Let us fix some notations and terminology. All the spaces considered in this paper are over the real field. Given a normed space E, we denote by \(B_E\) and \(I_E\) the closed unit ball of E and the identity operator on E, respectively, and by \({\mathcal {R}}(E)\) the class made up of all infinite-codimensional operator ranges in that space. It is worth to mention that \({\mathcal {R}}(E)\) contains all closed infinite-codimensional subspaces of E (see e.g. [4]) and proper dense operator ranges in E (see e.g. [1, Corollary 2.17]). As we already mentioned, if A is a subset of E, then the symbol \(A^{\perp }\) stands for the annihilator subspace of A, that is, \(A^{\perp } = \{f\in E^*:\, f(x)=0\,\, \text {for all} \,\, x\in A\}\). Analogously, given a set \(B\subset E^*\) we write \(B_{\perp } = \{x\in E:\, f(x)=0\,\, \text {for all} \,\, f\in B\}\). Some of our results or their proofs involve minimal sequences in a Banach space E with sequences of biorthogonal functionals lying in some specific subspace of \(E^*\). A sequence \(\{x_n\}_n\subset E\) is said to be B-minimal, for some set \(B\subset E^*\), if there exists a sequence \(\{f_n\}_n\subset B\) such that \(\{x_n, f_n\}_n\) is a biorthogonal system. Analogously, if \(A\subset E\), then a sequence \(\{f_n\}_n\subset E^*\) is called A-minimal if there is a sequence \(\{x_n\}_n\subset A\) such that \(\{x_n, f_n\}_n\) is biorthogonal. In the case that \(A = E\), we say that the sequence \(\{f_n\}_n\) is \(w^*\)-minimal. In the sequel, otherwise stated, the words “subspace” and “operator” refer respectively to a closed infinite-dimensional and infinite-codimensional subspace of a Banach space and a bounded linear operator between Banach spaces, “separable quotient” means separable infinite-dimensional quotient, and the term “basis” stands for Schauder basis.
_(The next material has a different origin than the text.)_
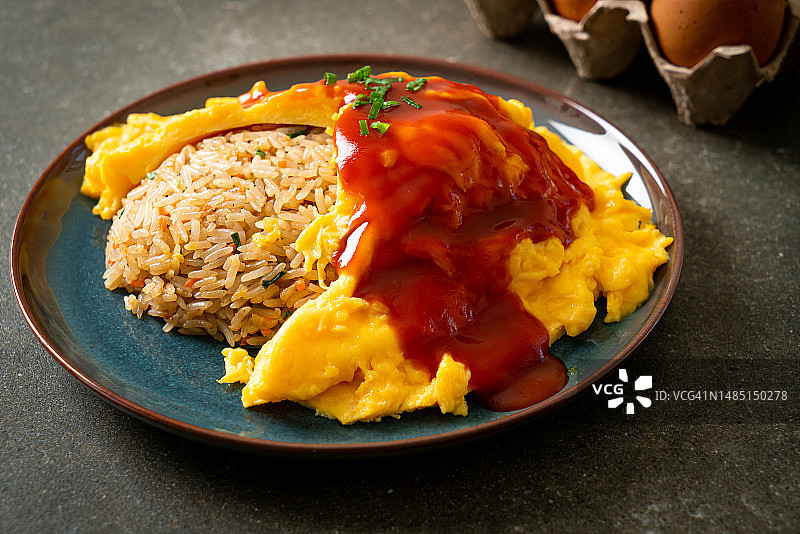蛋包风味炒饭图片素材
2 Nuclearly Adjacent Quasicomplements

The first result of this section is the aforementioned criterion for the existence of quasicomplements.

Theorem 2.1

Let X and Y be subspaces of a Banach space E with \(X\subset Y\), and let \(\{R_k\}_{k\ge 1}\subset {\mathcal {R}}(E)\) and \(\{S_k\}_{k\ge 1}\subset {\mathcal {R}}(E^*)\) be countable sets of operator ranges such that

$$\begin{aligned} X\subset \bigcap _{k\ge 1} R_k \quad \, \, \text {and} \, \, \quad Y^{\perp }\subset \bigcap _{k\ge 1} S_k. \end{aligned}$$

If \(X^*\) is \(w^*\)-separable and E/Y is separable then, for every \(\varepsilon > 0\) there exists an isomorphism \(\varphi :E\rightarrow E\) with \(\Vert \varphi -I_E\Vert < \varepsilon \) satisfying the following properties:

1. (1)

   \(\varphi (X)\) is a nuclearly adjacent quasicomplement of Y and \(\varphi (X)\cap \left( \bigcup _{k\ge 1} R_k\right) = \{0\}.\)

2. (2)

   X is a nuclearly adjacent quasicomplement of \(\varphi (Y)\) and \(\varphi (Y)^{\perp }\cap \left( \bigcup _{k\ge 1} S_k\right) = \{0\}.\)
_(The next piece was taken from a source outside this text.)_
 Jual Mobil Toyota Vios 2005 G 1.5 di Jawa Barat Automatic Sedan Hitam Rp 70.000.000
An important ingredient in the proof of Theorem 2.1 is the next result from [11], which ensures the existence of minimal sequences in a Banach space E with a disjoint behaviour with respect to a given countable union of operator ranges in that space. Following the terminology of that paper, we say that a sequence \(\{x_n\}_n\subset E\) has property \((*)\) with respect to a set \(V\subset E\) if the conditions \(\{a_n\}_n\in \ell ^1\) and \(\sum _{n\ge 1} a_n x_n\in V\) imply \(a_n=0\) for all n.

Lemma 2.2

([11, Lemma 2.1]). Let E be a Banach space, let \(E_0\) and F be closed infinite-dimensional (not necessarily infinite-codimensional) subspaces of E and \(E^*\) respectively, and let \(\{R_k\}_{k\ge 1}\) be a countable subset of \({\mathcal {R}}(E_0)\). If \(\{u_n\}_n\subset E_0\) is an F-minimal sequence, then there exist an isomorphism \(\varphi :E\rightarrow E\) and an F-minimal sequence \(\{v_n\}_n\subset B_{E_0}\) such that:

1. (1)

   \(\varphi (u_n)\) and \(v_n\) are collinear for each n.

2. (2)

   \(\varphi (E_0) = E_0\).

3. (3)

   \(\varphi ^*(F) = F\).

4. (4)

   \(\{v_n\}_n\) satisfies property \((*)\) with respect to the set \(\bigcup _{k\ge 1} R_k\).

We shall also need the following easy fact.

Lemma 2.3

Let X be a subspace of a Banach space E, and let T and N be endormophisms on E such that N is nuclear and \(T(X)\subset X\). If the operator \(\psi = T+N\) is an isomorphism on E, then the restriction to X of the quotient map \(E\rightarrow E/\psi ^{-1}(X)\) is nuclear.

Proof

Let us write \(X_0:= \psi ^{-1}(X)\), and let \(Q:E\rightarrow E/X\) and \(S:E\rightarrow E/X_0\) be the quotient maps from E onto E/X and \(E/X_0\), respectively. Since \(\psi \) is an isomorphism, the formula

$$\begin{aligned} \Psi (S(u)) = Q(\psi (u)), \quad S(u)\in E/X_0 \end{aligned}$$

defines an isomorphism \(\Psi :E/X_0\rightarrow E/X\). On the other hand, for each \(x\in X\) we have

$$\begin{aligned} Q(\psi (x)) = Q(T(x)+N(x)) = Q(N(x)). \end{aligned}$$

Therefore \(S(x) = \Psi ^{-1}(Q(N(x)))\) for each \(x\in X\), that is, \(S|_{ X} = (\Psi ^{-1}\circ Q) \circ (N|_{ X})\), and bearing in mind that the operator \(N|_{ X}\) is nuclear (as N is) we deduce that \(S|_{ X}\) is nuclear as well. \(\square \)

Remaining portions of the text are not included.